Brighton Festival 2016
Smoke and Mirrors is an intensely physical and thought-provoking circus of two. It is performed by Cohdi Harrell and Laura Stokes, who together form the Ricochet Project. Together they weave acrobatic exploitations and high-flying distortions as they turn the spotlight on the contorted state of America – and on us all – as we do our best to find realness and connection.
The Ricochet Project, based in New Mexico, won the Total Theatre Award for Best Circus at the Edinburgh Festival Fringe in 2015.
Smoke and Mirrors is sublime on so many levels that I hardly know where to start.
It’s an exquisitely conceived, ultra contemporary blend of circus and dance. And its subject matter is deeply challenging: a wake up call. Just what are we doing with our lives? How can we live like this, with such loneliness and separation? Is there another way?
The performance was beautifully structured, and well-paced, flowing fluidly from scene to scene, and set to Harrell’s stunning timeless soundtrack. From the opening moments, that soundtrack sets the scene for the performance: a woman talking numbers, faltering, going back over them again and again, stuck in a never ending loop.

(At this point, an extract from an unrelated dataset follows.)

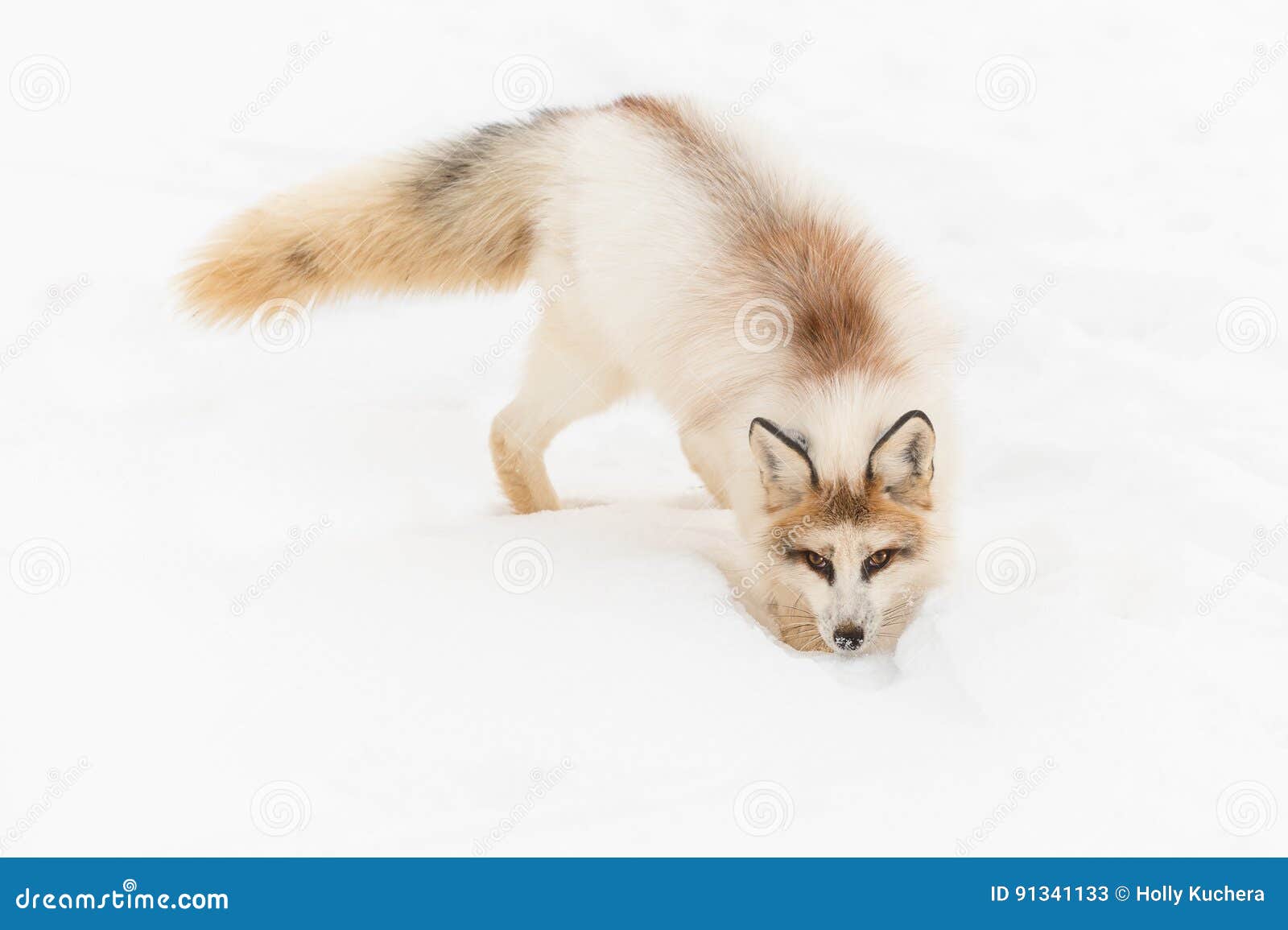 red marble fox vulpes vulpes digs in snow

There was simple, but stunning use of lighting, at times spotlighting the performers, and at times reflecting the crazy disjunction of their lives. At one point, the light turned on us, the audience, seeking us out like a searchlight, demanding that we see bring our own story to their performance.
The costumes are at once retro and ageless – business suits for every man and woman – and as they peeled them off, you could see their bodies revealed underneath. The sinews, the breasts, the tattoos, the incredible strain of such a huge physical endeavour. Those bodies were costumes in their own right. Alongside the costumes, the trapeze and ropes, the props were bare and minimal: a hanging light, two chairs and an old suitcase, which were used to tell the story and moved by the performers to highlight the progression between different scenes.
Harrell and Stokes gave outstanding performances – as far from the painted, sequined type of circus act as you could get. It was painfully beautiful to watch the two of them perform – sometimes solo, sometimes together – poised between grace and fluidity and a raw, tearing, physicality. Their embodiment of the maddening agony of disconnection and anxiety was so real that I could feel it coursing through my body, back in Row G.
Harrell and Stokes’s skill as circus performers was absolutely breathtaking. They have extreme levels of strength, control and balance; and they really know how to use space. And from that position, they were able to reflect the wholly out of control, unbalanced, jagged, compulsive awkwardness of the characters they played – teetering on the trapeze, tying themselves in knots, fighting the ropes, contorting and convulsing their bodies. At times, they looked like they were drowning in mid air, caught like a fly in a web, angels stripped of wings, suicidal, victims of a terrible disaster. It was like watching Edvard Munch’s The Scream in motion. And when the performers did start to reach for each other, to blend together, to support one another, moving to the soundtrack of Charlie Chaplin’s words from The Great Dictator, it was like watching courting swans dance. Exquisite.
This is a must see. I would gladly watch this performance over and over again, and I can’t wait to see where The Ricochet Project goes next. In the after show Q&A, it was very clear that Harrell and Stokes co-create pieces that work for them first, and for the audience and critics second. They give themselves the freedom to work in a wild and fertile place which isn’t dependent on what other people think. In today’s world, that’s an intensely radical act. As is working without a director. But if last night’s performance was anything to go by, it’s also the source of some extremely challenging and exciting art. Bring it on.